Have you ever thought what you would do if you could control blood? You would be so immensely powerful. You could avenge those who were wronged. You could fight for what you believe in. You could save the world.
Or you could destroy it.
These were the choices I posed to myself as I sat down to write my story about a young girl framed for her father’s murder in a corrupt, fantastical empire. Anastacya Mikhailov is the exiled heir of the Cyrilian Empire, with a terrible and powerful Affinity to blood. Born a princess yet labeled a monster by society, Ana grapples with these identities as her journey takes her from the Grand Salskoff Ballroom to opulent traffickers’ mansions, and her mission to clear her name becomes entangled with a discovery of a greater corruption plaguing her empire.
This is a world in which boundaries between good and bad and beautiful and ugly are blurred: princesses are monsters and cowards are heroes. Yet through Ana’s journey, I wanted to write a tale of hope, humanity, and magic. Having reviled herself for her terrifying magic her entire life, there is a single, defining moment in Blood Heir in which Ana comes to question: Who was it that deemed her blood magic evil, and why was it that she had sought to hide these parts of herself all along? The labels of ‘princess’ and ‘monster’ were given to her by society, just as today’s world tends to force singular labels unto young girls and women.
Ana’s story is about breaking through those labels and learning to accept herself for who she is and make choices in her own being: neither princess nor monster, with shades of both good and bad.

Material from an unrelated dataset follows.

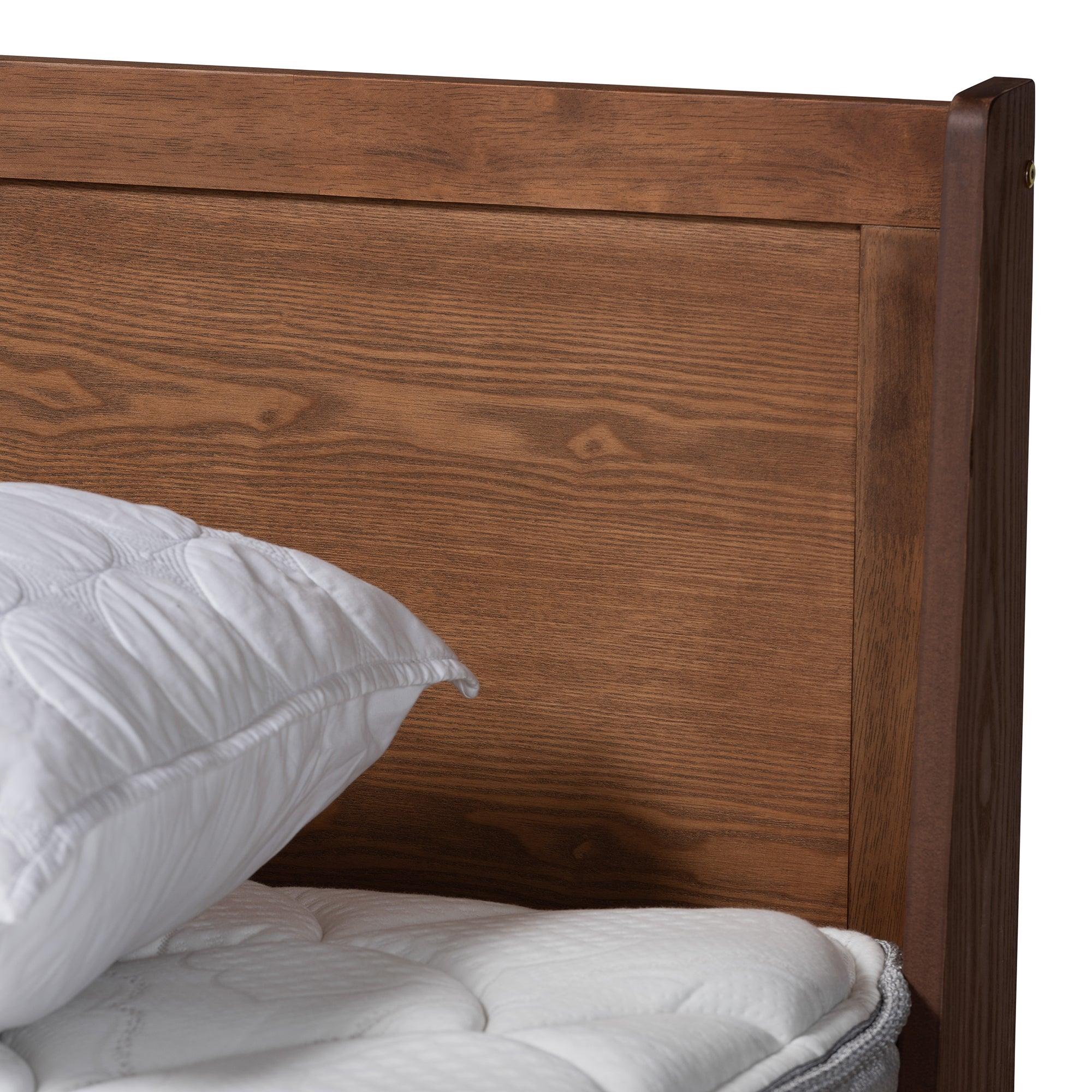 Macayle Mid-Century Modern Ash Finished Wood Platform Bed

Similarly, the world of Blood Heir is not an easy one; it is plagued by human rights violations in a broken system of law. Magic users are trafficked and forced into indentured labor, invisible to and ignored by the laws that are meant to protect them. Yet there is also beauty in this world; shattered fragments of it. It is these parts of ourselves and our worlds that are worth fighting for and worth saving. And in a world painted by shades of gray, it is our choices that define who we are.